In the material below, transcribe every line from the first through the line holding "place photo 39", exactly, and stop after that line.

+===+

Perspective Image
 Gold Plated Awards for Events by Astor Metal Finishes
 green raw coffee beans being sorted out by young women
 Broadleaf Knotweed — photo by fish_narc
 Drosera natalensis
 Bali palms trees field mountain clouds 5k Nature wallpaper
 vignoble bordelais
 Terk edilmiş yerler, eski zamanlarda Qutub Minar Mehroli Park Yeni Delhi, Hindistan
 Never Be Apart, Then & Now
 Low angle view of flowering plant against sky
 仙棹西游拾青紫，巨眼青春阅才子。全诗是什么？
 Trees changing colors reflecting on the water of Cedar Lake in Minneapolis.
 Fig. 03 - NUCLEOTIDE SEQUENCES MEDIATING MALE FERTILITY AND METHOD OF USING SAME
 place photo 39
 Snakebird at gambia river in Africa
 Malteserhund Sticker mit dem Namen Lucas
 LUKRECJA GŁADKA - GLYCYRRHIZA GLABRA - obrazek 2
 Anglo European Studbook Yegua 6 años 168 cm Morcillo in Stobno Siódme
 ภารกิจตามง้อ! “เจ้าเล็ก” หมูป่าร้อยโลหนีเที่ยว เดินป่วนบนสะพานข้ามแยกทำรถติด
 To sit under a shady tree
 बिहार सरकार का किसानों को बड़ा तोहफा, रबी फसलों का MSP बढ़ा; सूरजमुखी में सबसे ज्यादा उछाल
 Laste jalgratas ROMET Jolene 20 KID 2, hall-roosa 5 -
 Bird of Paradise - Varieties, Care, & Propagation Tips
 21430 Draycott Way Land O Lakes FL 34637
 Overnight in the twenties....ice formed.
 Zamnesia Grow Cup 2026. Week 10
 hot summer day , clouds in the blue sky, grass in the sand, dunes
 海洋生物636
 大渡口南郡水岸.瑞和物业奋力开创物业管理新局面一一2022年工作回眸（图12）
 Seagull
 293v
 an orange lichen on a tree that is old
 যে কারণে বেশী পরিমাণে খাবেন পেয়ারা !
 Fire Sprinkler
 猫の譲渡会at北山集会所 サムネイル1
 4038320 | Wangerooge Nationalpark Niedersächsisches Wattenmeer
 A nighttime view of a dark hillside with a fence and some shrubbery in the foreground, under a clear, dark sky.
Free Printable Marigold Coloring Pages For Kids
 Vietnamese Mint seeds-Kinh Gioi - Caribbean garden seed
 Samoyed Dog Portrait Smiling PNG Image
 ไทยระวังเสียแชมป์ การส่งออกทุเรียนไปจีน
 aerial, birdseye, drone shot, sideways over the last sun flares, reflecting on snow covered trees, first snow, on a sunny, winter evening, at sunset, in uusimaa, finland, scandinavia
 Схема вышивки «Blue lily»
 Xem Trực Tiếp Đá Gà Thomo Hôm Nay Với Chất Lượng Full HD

+===+

**EXERCISE OUTPUT**
Perspective Image
 Gold Plated Awards for Events by Astor Metal Finishes
 green raw coffee beans being sorted out by young women
 Broadleaf Knotweed — photo by fish_narc
 Drosera natalensis
 Bali palms trees field mountain clouds 5k Nature wallpaper
 vignoble bordelais
 Terk edilmiş yerler, eski zamanlarda Qutub Minar Mehroli Park Yeni Delhi, Hindistan
 Never Be Apart, Then & Now
 Low angle view of flowering plant against sky
 仙棹西游拾青紫，巨眼青春阅才子。全诗是什么？
 Trees changing colors reflecting on the water of Cedar Lake in Minneapolis.
 Fig. 03 - NUCLEOTIDE SEQUENCES MEDIATING MALE FERTILITY AND METHOD OF USING SAME
 place photo 39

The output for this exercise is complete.